Algumas partes são particularmente instigantes, como a descrição do Tribunal Bertrand Russell II, quando se tentou denunciar internacionalmente os atos de barbárie cometidos pelo governo ditatorial brasileiro, mas que gerou pouquíssima repercussão fora dos núcleos da militância da esquerda. O mesmo vale para a onda de preocupação gerada pelas especulações acerca de uma cena negativa à imagem brasileira no filme “Estado de Sítio”, dirigido por Costa-Gravas. Ou a descrição da desastrada passagem de Carlos Lacerda pela França, no que deveria ser uma missão diplomática para explicar aos europeus o que se passava no Brasil, demonstrando a dificuldade de diálogo entre as figuras centrais do Golpe civil-militar. Lacerda, por conta de uma coleção de frases explosivas, habilmente coletadas pelo autor, ganhou a antipatia eterna do general Charles de Gaulle, que quase cancelou uma visita oficial ao Brasil. O general veio, mas evitou Lacerda a todo custo. Essas passagens contêm certo humor que talvez seja involuntário, mas que enriqueceram muito a leitura da obra. 

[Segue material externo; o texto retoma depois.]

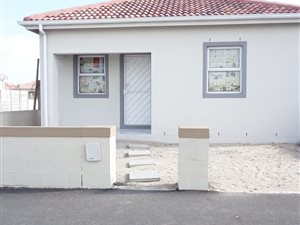 2 Bed House in Lentegeur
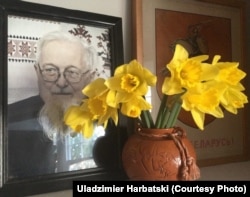 Фота Аляксандра Надсана у Скарынаўскай бібліятэцы ў Лёндане. Здымак У. Гарбацкага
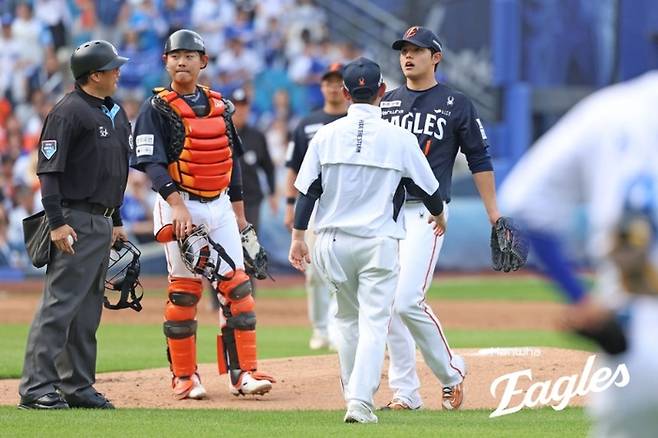 [공식] 문동주, 병원 2곳서 ‘어깨 수술’ 소견…‘류현진 수술한’ 美조브클리닉 판독 기다려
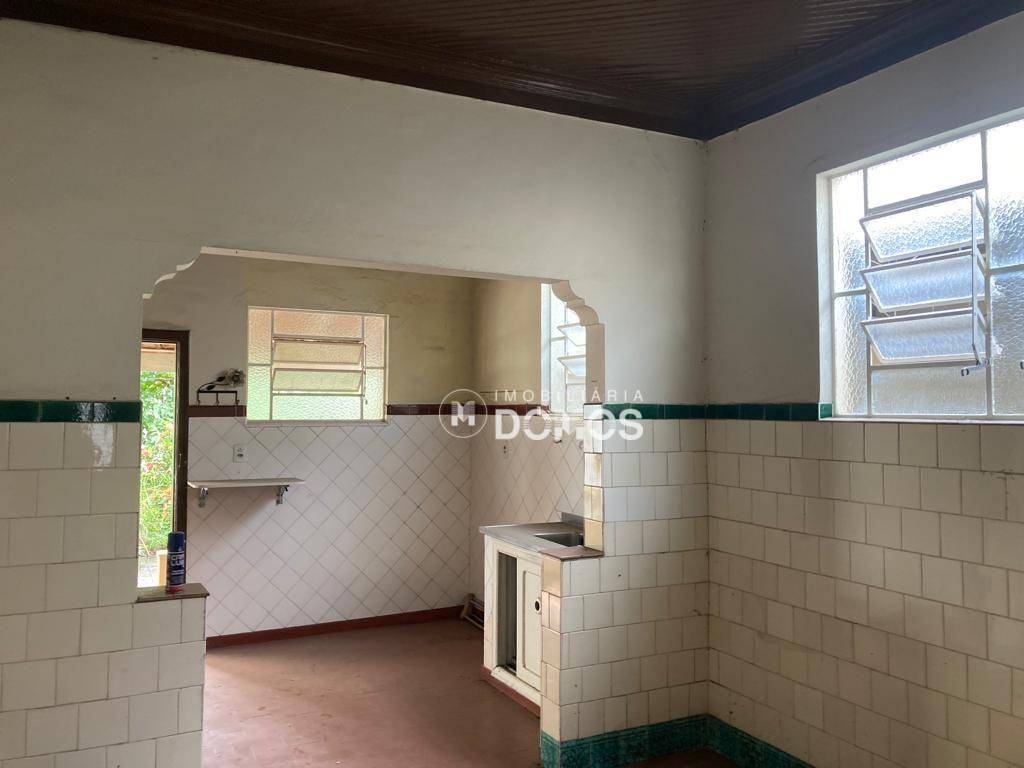 Casa à venda com 3 quartos, 161m² - Foto 9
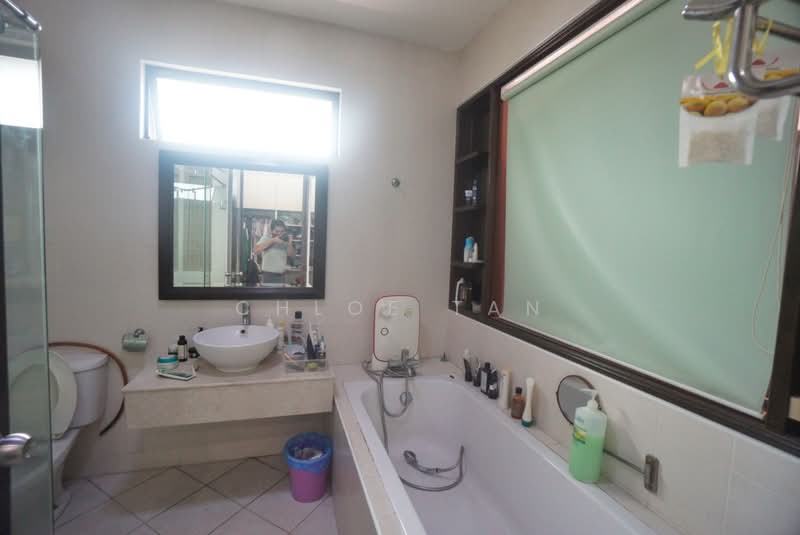 Rumah Banglo untuk Dijual di Kota Kemuning (Shah Alam) - Chloe Tan - Bathroom - PropertyGuru.com.my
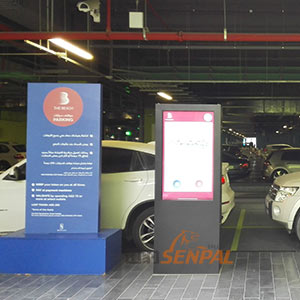 迪拜停車場廣告機(jī)項(xiàng)目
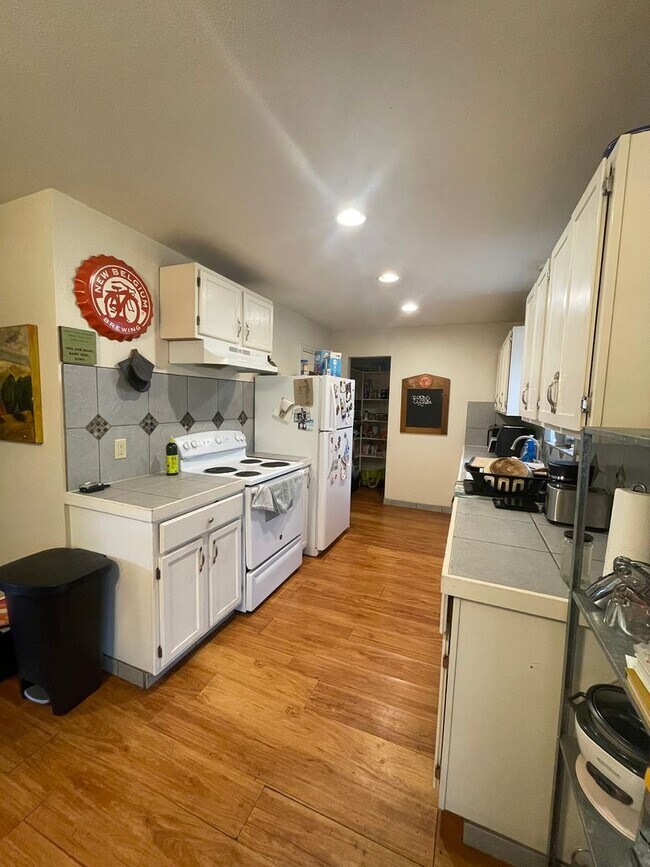 Building Photo - STUDENTS WELCOME! Spacious Home in West Ft. Collins w/ Large Fenced Yard, Garage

A despeito da sofisticada análise das instituições, tanto francesas quanto brasileiras, alguns dos melhores momentos do livro mostram a atuação de indivíduos que participaram ativamente do processo. Vemos personagens como Adhemar de Barros, Juscelino Kubitschek, Delfim Netto e muitos outros diante do Leviatã que se tornou o Estado Brasileiro, muitas vezes sendo engolidos por ele.

O texto de Paulo César Gomes é preciso, informativo e econômico. Em função da amplidão do tema, nem tudo pôde ser aprofundado, mas a cada página vemos a tese sendo construída e corroborada. É um trabalho de excelência, praticamente despido de partidarismos ingênuos. Como escreveu Carlos Fico, professor titular de História do Brasil da UFRJ e orientador do doutorado de Paulo César Gomes, no prefácio: “depois de tantos anos como orientador, aprendi que há algo de inato no talento”. Paulo César Gomes fez um trabalho de história unindo pragmatismo de pesquisador e talento de narrador.

Seu maior mérito foi revelar os labirintos kafkianos do Itamaraty. Saímos do livro convictos de que não lemos mais uma apologia aos guerrilheiros, tampouco uma mea culpa dos militares. Os diplomatas apresentados são indivíduos que tinham suas consciências, mas que, profissionais que eram, aceitaram agir como engrenagens de uma máquina em movimento. Hannah Arendt manda lembranças. Sobral Pinto puxa as orelhas.